MATERIAL SHOWN -
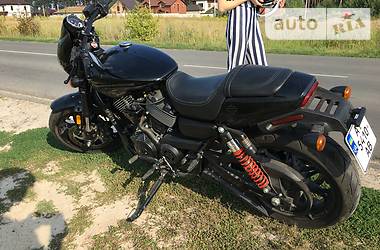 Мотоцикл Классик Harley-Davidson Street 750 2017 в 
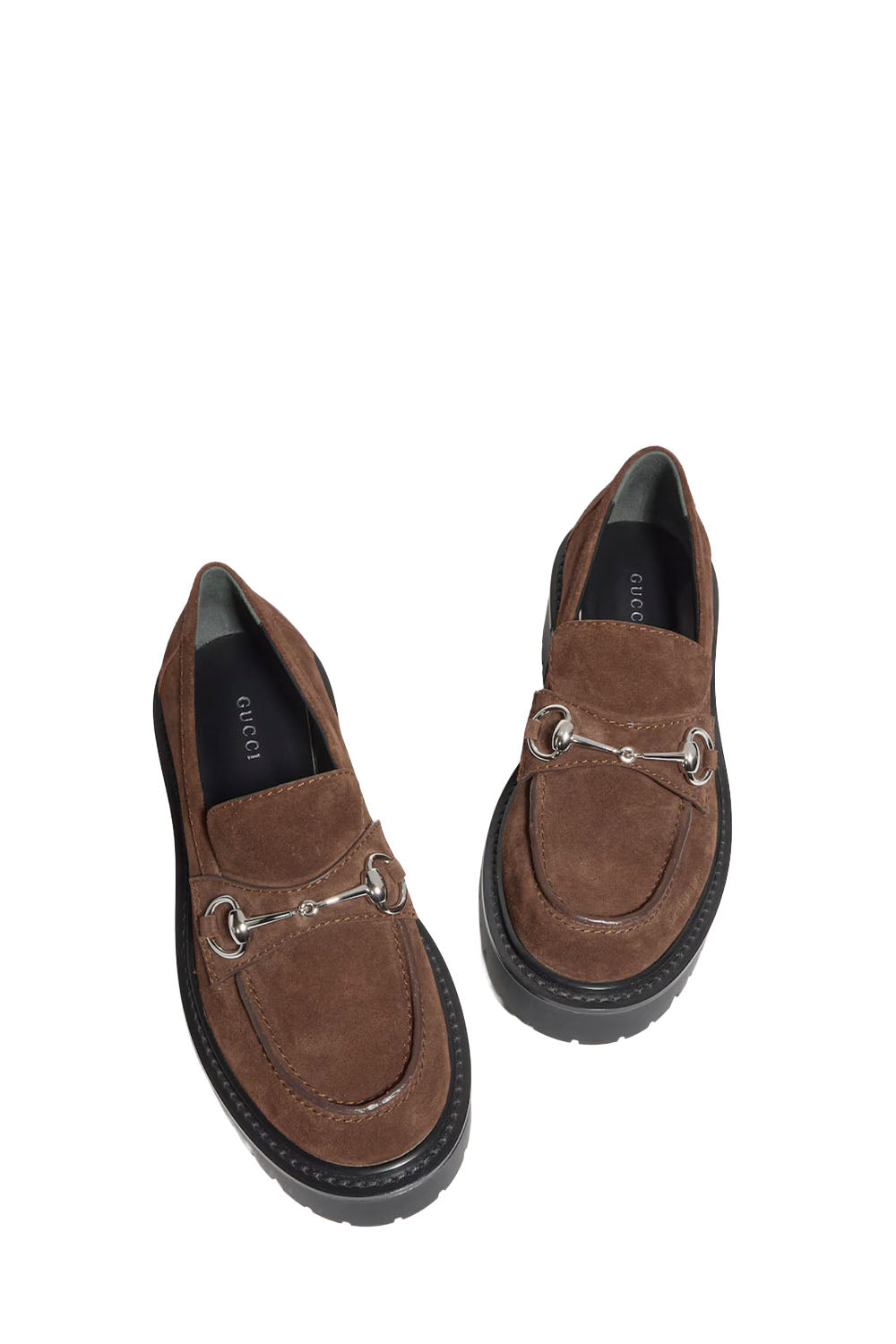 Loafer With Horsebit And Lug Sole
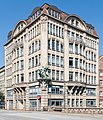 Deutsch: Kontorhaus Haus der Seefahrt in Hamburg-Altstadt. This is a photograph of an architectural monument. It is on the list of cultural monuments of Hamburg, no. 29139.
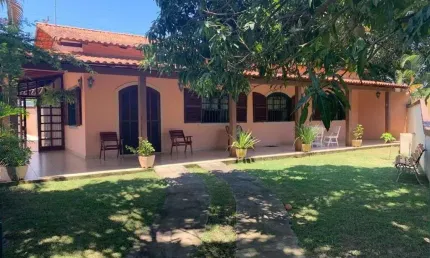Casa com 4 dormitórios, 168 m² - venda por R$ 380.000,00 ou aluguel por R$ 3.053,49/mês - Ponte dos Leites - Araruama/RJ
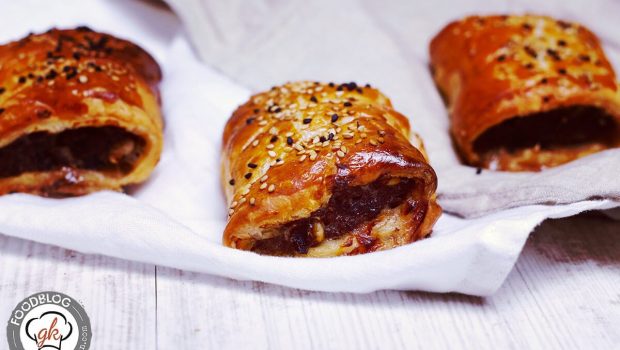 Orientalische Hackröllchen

---

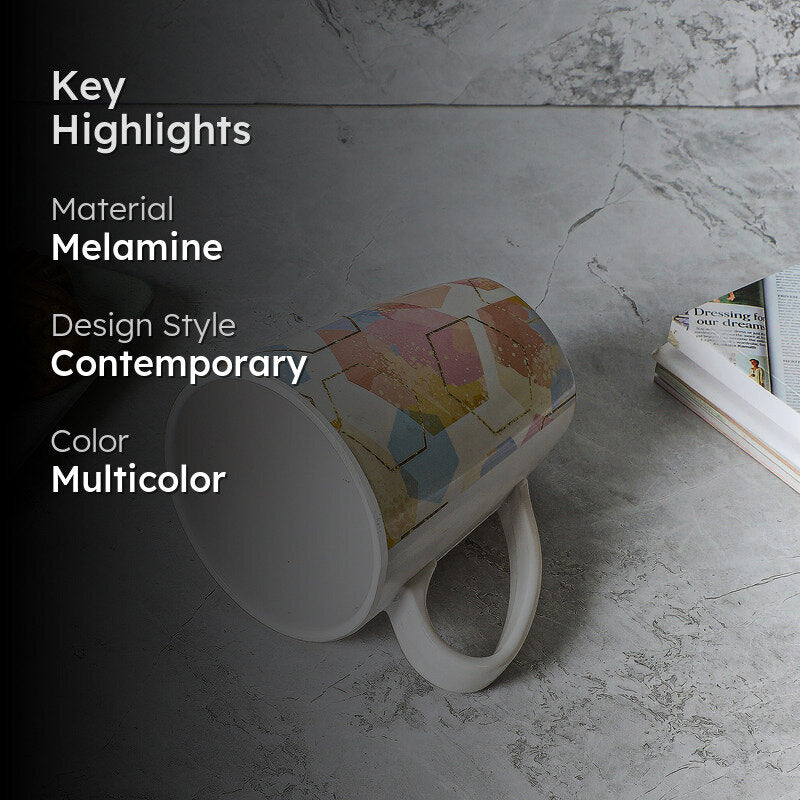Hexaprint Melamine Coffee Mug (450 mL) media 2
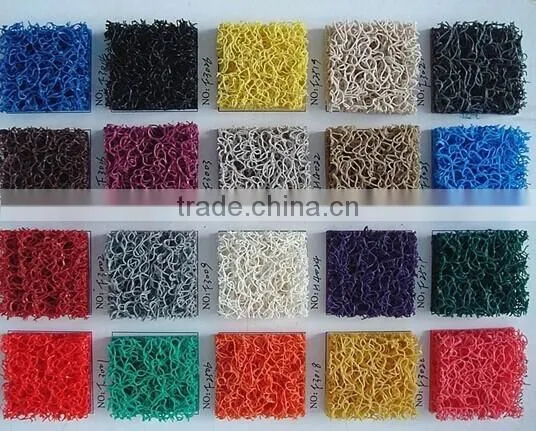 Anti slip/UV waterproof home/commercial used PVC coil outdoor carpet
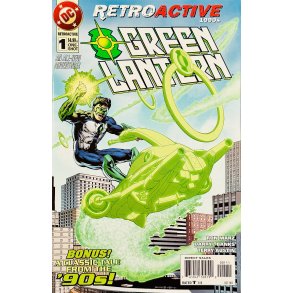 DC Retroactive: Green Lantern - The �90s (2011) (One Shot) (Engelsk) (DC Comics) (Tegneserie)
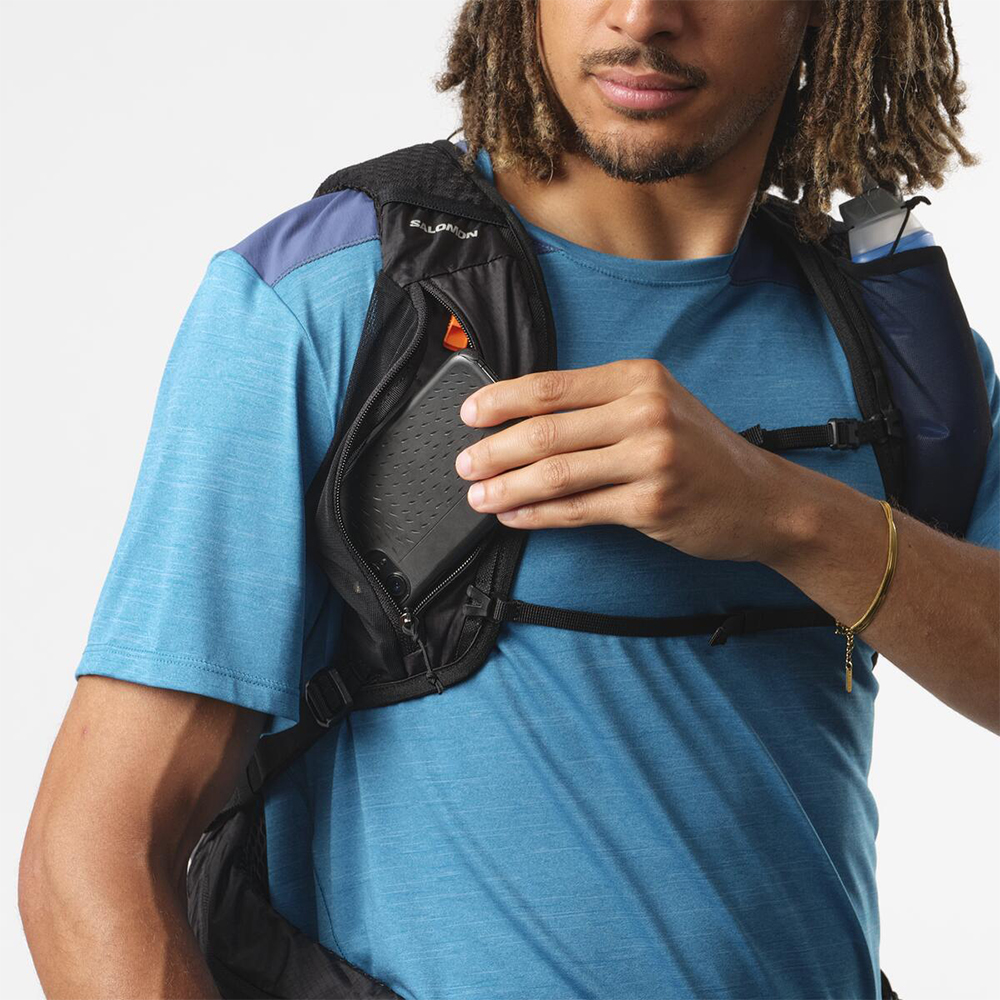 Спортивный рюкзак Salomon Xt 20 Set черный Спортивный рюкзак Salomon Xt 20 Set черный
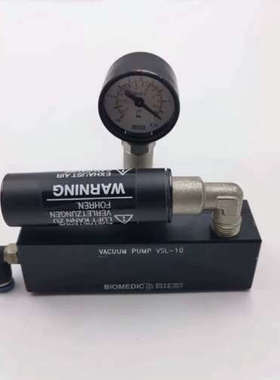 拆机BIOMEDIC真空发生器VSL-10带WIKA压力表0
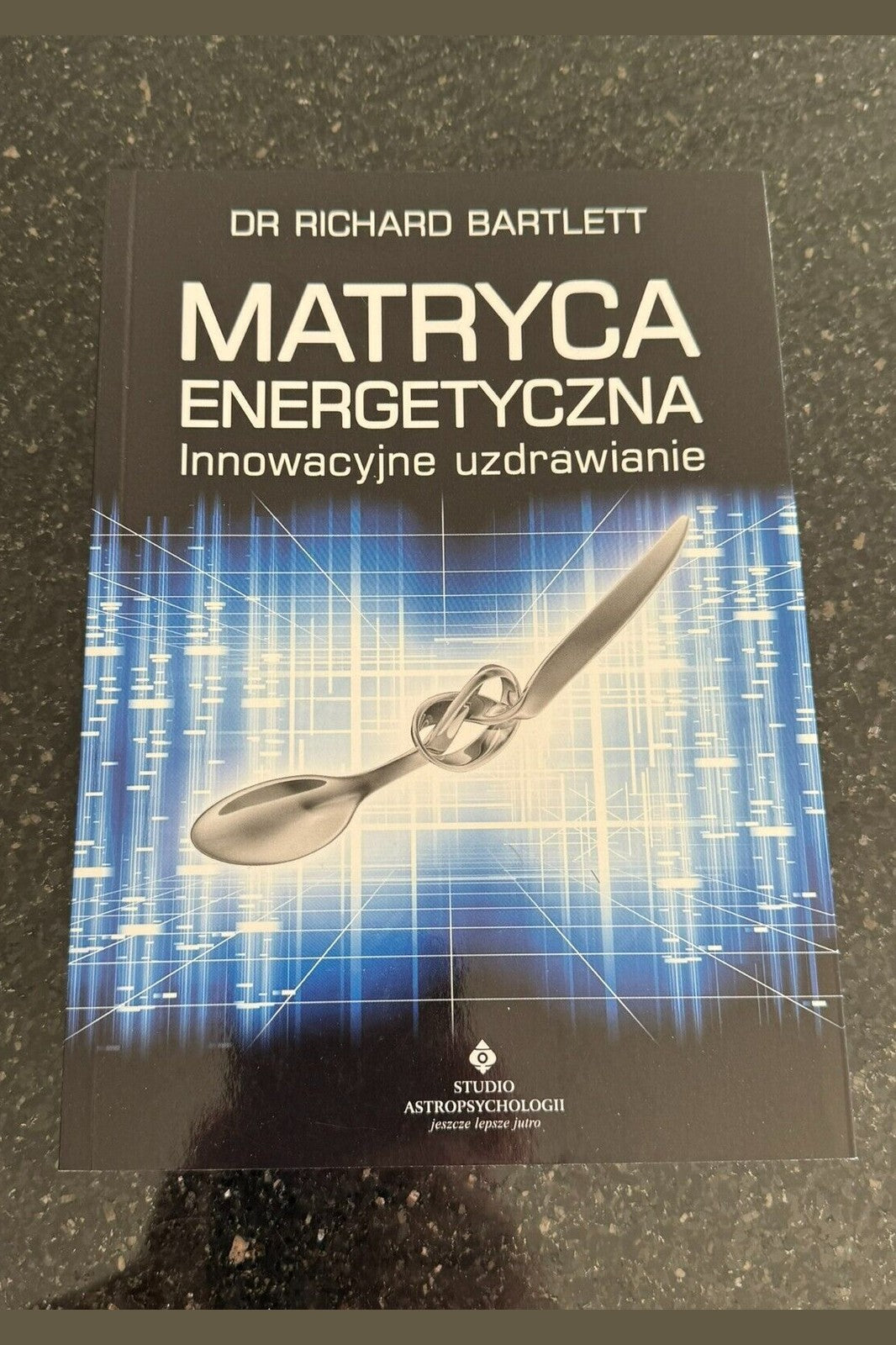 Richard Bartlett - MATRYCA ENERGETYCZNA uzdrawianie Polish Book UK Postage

==

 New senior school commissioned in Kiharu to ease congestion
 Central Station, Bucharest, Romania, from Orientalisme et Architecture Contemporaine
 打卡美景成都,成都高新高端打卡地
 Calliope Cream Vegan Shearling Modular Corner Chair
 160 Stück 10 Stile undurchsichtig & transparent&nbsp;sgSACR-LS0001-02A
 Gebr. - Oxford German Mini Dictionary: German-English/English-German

EXERCISE DESCRIPTION - Where a picture appears in the records above, omit it, and transcribe exactly the stretch of lines from the one with "Спортивный рюкзак Salomon Xt 20 Set черный Спортивный" through the one with "Richard Bartlett - MATRYCA".

EXPECTED OUTPUT -
 Спортивный рюкзак Salomon Xt 20 Set черный Спортивный рюкзак Salomon Xt 20 Set черный
 拆机BIOMEDIC真空发生器VSL-10带WIKA压力表0
 Richard Bartlett - MATRYCA ENERGETYCZNA uzdrawianie Polish Book UK Postage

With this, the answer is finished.